**ASSIGNMENT**. Restate word for word the lines below that run from the one holding "2012 Subaru Outback" through the one holding "Een foto toegevoegd aan een locatie", inclusive. Pictures don't belong in the copy.

**GIVEN DATA**.
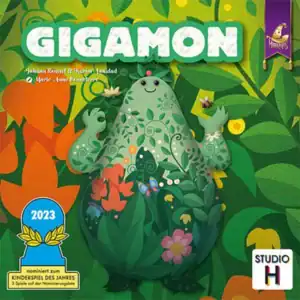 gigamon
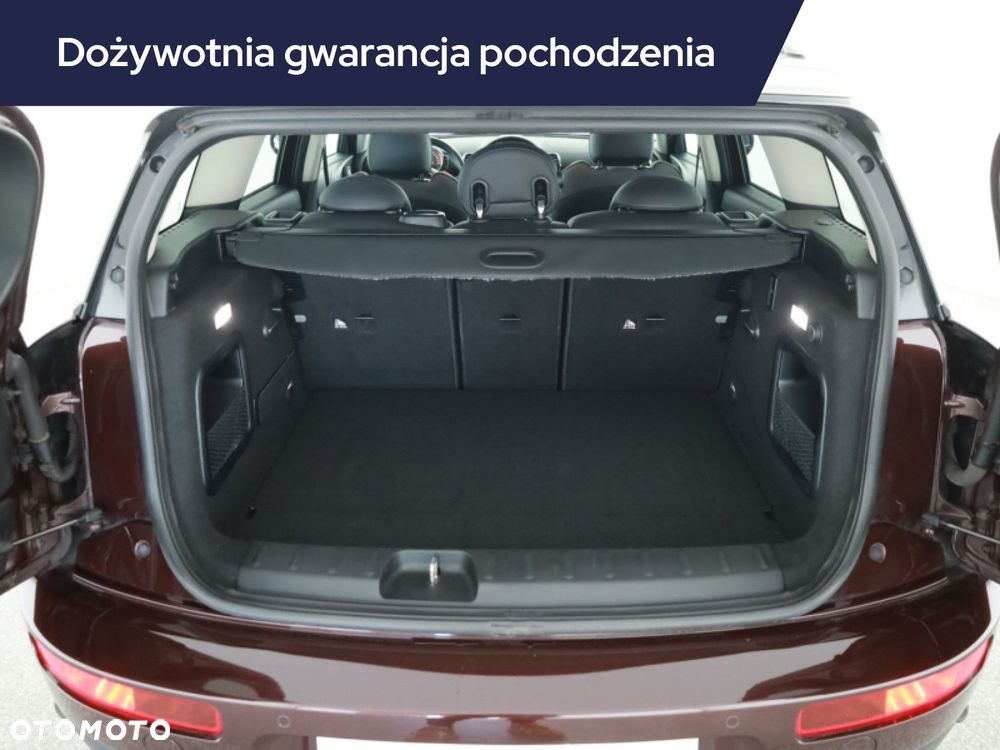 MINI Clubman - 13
---
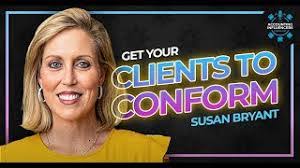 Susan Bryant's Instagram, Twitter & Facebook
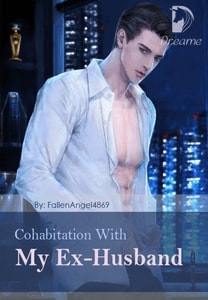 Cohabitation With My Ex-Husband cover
==
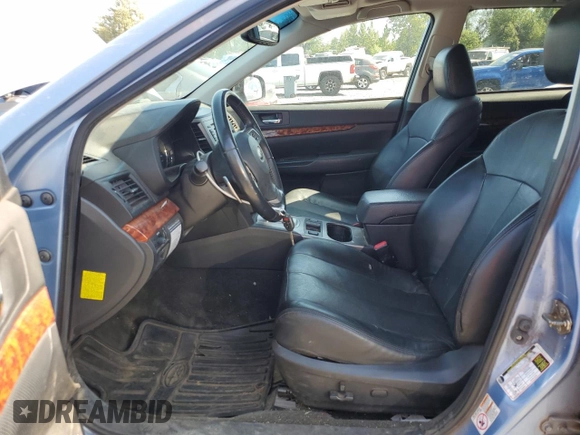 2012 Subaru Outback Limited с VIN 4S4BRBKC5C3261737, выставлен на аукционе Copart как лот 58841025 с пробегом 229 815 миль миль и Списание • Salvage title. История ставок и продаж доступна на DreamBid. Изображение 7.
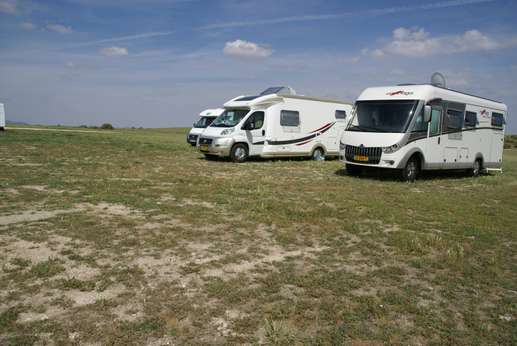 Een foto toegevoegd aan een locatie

**RESPONSE TO THIS EXERCISE**.
 2012 Subaru Outback Limited с VIN 4S4BRBKC5C3261737, выставлен на аукционе Copart как лот 58841025 с пробегом 229 815 миль миль и Списание • Salvage title. История ставок и продаж доступна на DreamBid. Изображение 7.
 Een foto toegevoegd aan een locatie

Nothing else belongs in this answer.